Akin’s “incorrect comment”

Todd Akin thinks it natural to change his proclaimed beliefs about facts of nature in response to political pressure. No matter how hard he thumps his Bible, he simply doesn’t believe in any real difference between truth and falsehood.

Todd Akin has apologized. He “used the wrong words in the wrong way.” Mike Huckabee wants the apology accepted.

But which words does Akin regret?

Akin said (at least) two regrettable things in that fateful interview. He tried to draw a distinction between “legitimate rape” and some unnamed alternative; not clear whether he intended to minimize the seriousness of any rape not involving explicit violence or instead to imply that women systematically falsify rape accusations, or would do so if abortion were banned but with a rape exception. (Of course he could have meant both things.)

But Akin also offered a bit of grossly false biology: that (according to “doctors”) “the female body has ways to shut that whole thing down,” meaning that pregnancy rarely if ever results from “legitimate rape.”

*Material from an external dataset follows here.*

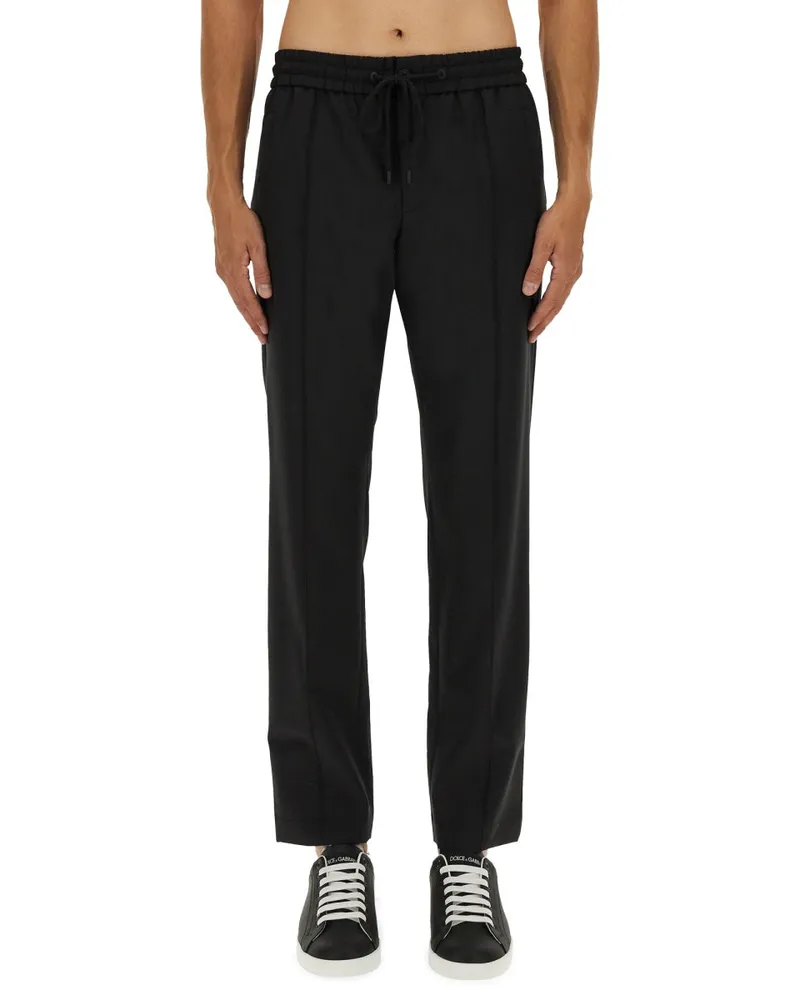 Dolce & Gabbana Wool-Blend Jogging Pants — Black Black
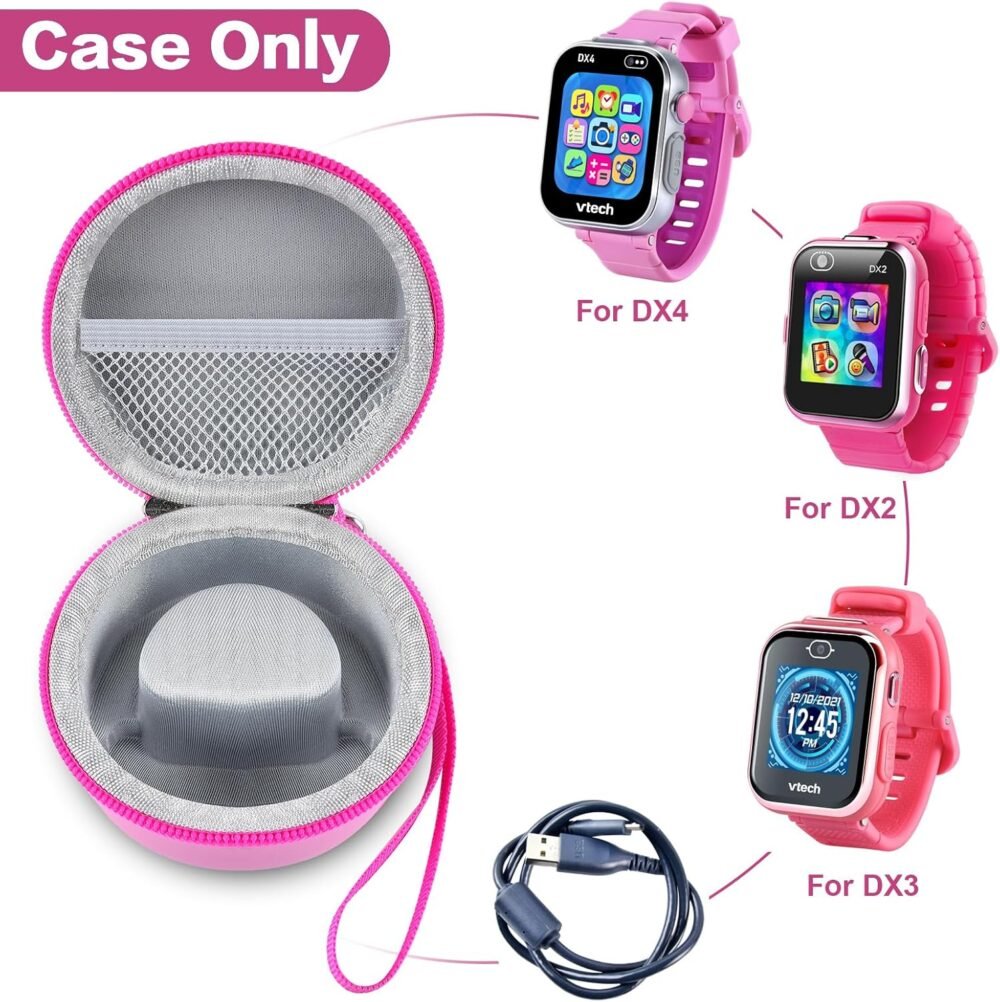 Case Compatible with Vtech KidiZoom Smartwatch DX4, DX2, DX3, for Little Tikes Tobi/for Watch 2/ for Gizmo Watch, Kids Watches Carrying Storage Box for Accessories with Mesh Pocket (Bag Only) (Pink) - Image 3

I can understand the claim that “legitimate rape” was a slip of the tongue, though Akin’s record casts doubt on that interpretation. But what about the biological claim? That could hardly have been a mere “mis-speaking,” except in the sense that Akin wishes he’d only said it to a purely RTL audience rather than putting it out there for the whole world to marvel at. He was quoting a well-worn bit of Christianist bullsh*t. Did he believe it when he said it? If so, what has caused him to change his mind? Did the imaginary “doctors” correct themselves?

Of course what really happened is that the firestorm made Akin aware that he couldn’t get away with this stuff, now that he’s playing in the big leagues. So he took it back, just as he might take back some policy position that his pollsters found the voters weren’t buying.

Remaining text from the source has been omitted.